Cosa accadrebbe è ovvio. Scoperto l’inganno gli articoli truffaldini sparirebbero dagli scaffali e dalle nostre vite, obliterati dalla dura legge del commercio, e le ditte produttrici dovrebbero cambiare nome, o trovarsi qualcos’altro da fare.
Ci sarebbero magari strascichi giudiziari, citazioni e condanne, sequestri di intere partite di merce, ma il mercato, quello “che ce lo chiede anche l’Europa”, non avrebbe bisogno di aspettare i tre gradi di giudizio: reagirebbe a botto. I “prodotti-sola”, una volta smascherati, rimarrebbero relegati nella zona grigia dei piazzisti da strapazzo, delle vendite porta a porta a poveri anziani un pò rimbambiti.
Ora cambiamo prodotto. Immaginiamo un quotidiano sulle cui pagine appaiono notizie fasulle, inventate di sana pianta. Infittiamo ulteriormente la trama: chi ha scritto quelle notizie è stato addirittura pagato sottobanco dai servizi segreti, con lo scopo di intorbidire le acque su indagini importanti. Esageriamo, e poniamo pure che il taroccaro in questione non se ne vada, e continui imperterrito a scrivere, nascosto dietro ad uno pseudonimo, anche se tutti conoscono la truffa.
Domanda: chi mai andrebbe ancora in edicola a comprare quel quotidiano-patacca?
Ovviamente nessuno, direte voi. Le copie finirebbero al macero, gli abbonati disdicerebbero, gli inserzionisti fuggirebbero come dallo tsumani. Il quotidiano avrebbe due scelte: chiudere i battenti oppure cambiare rotta, licenziare il giornalista-sola insieme a direttore e caporedattore, colpevoli di mancato controllo.Le sanzioni, le radiazioni dagli albi e i processi giudiziari arriverebbero a rotative ormai rottamate, oppure troverebbero il pieno appoggio di una nuovo direttivo, messo al posto di chi ha causato il patatrac. Logico no? No, almeno in Italia.

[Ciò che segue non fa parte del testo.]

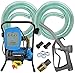 Produktbild Dieselpumpe DIESEL POWER 2-4-BIODIESEL-PUMPE HEIZÖLPUMPE KRAFTSTOFFPUMPE - SET mit Aluminium Zapfpistole und Zählwerk, flexiblen Schlauch, Verbindungsteilen, hochwertigem Messing Rückschlagventil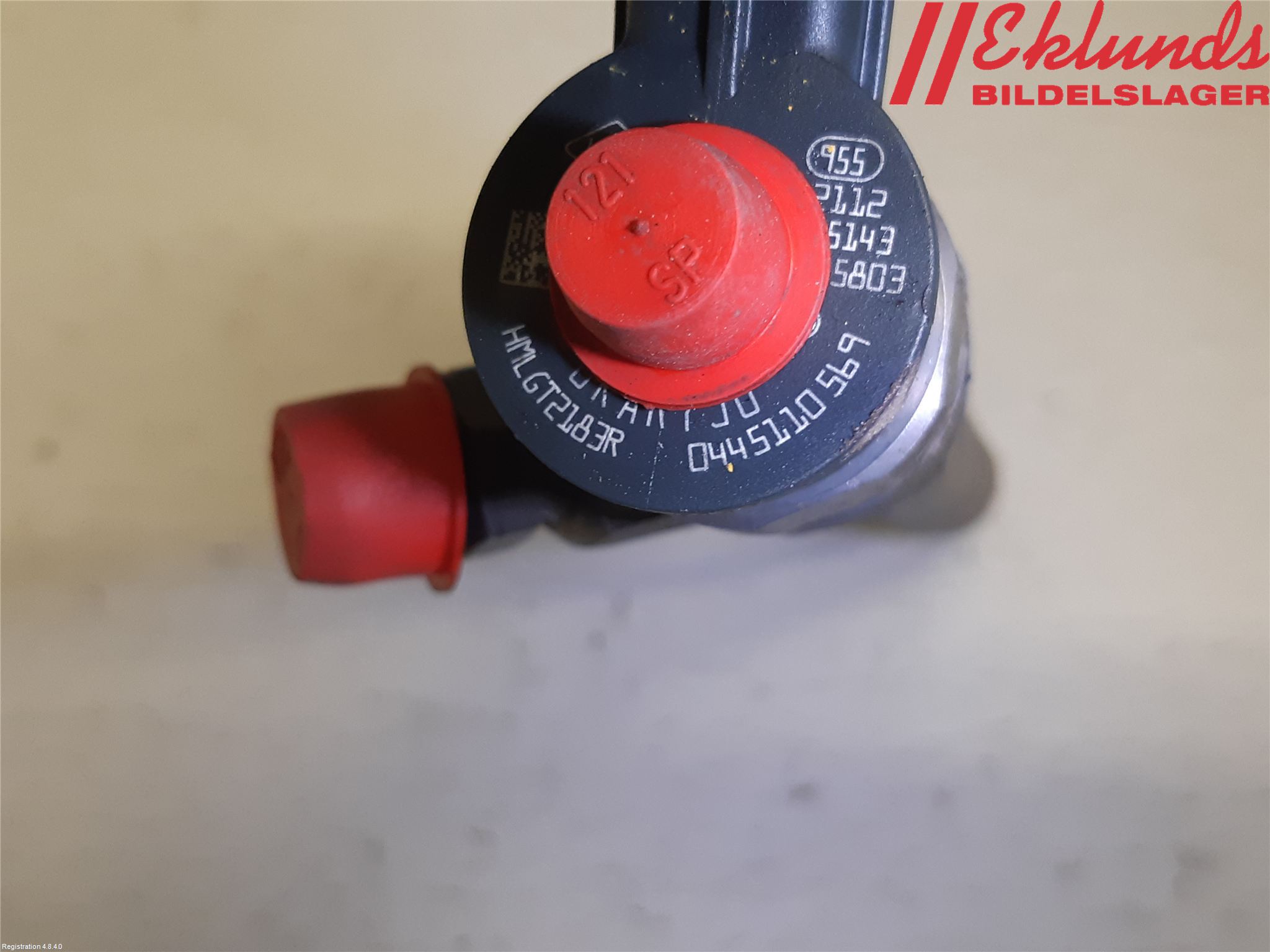 Fiat TALENTO 16- Injspridare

Già, perché quella storia è successa davvero, e la conoscono tutti. Il giornale si chiama Libero (ma potrebbe essere qualunque altro) e lo spacciatore di falsi è un certo Renato Farina (ma potrebbe chiamarsi anche in un altro modo). La storia è nota: nel 2006, alla vigilia delle elezioni, il signor Farina (che era vicedirettore di Libero) pubblicò dietro compenso del Sismi ( i servizi segreti) un falso dossier che coinvolgeva l’allora capo della Comissione Europea Romano Prodi in un’intricata storia legata al caso Abu Omar, alle extraordinary reenditions, e a trame internazionali ( lascio a voi approfondire questa grave vicenda). Una volta scoperto, Farina venne condannato per favoreggiamento e radiato dall’albo dei giornalisti, dove verrà reintegrato nel 2011 dalla Cassazione per un grottesco difetto di forma (pare si fosse dimesso prima della radiazione).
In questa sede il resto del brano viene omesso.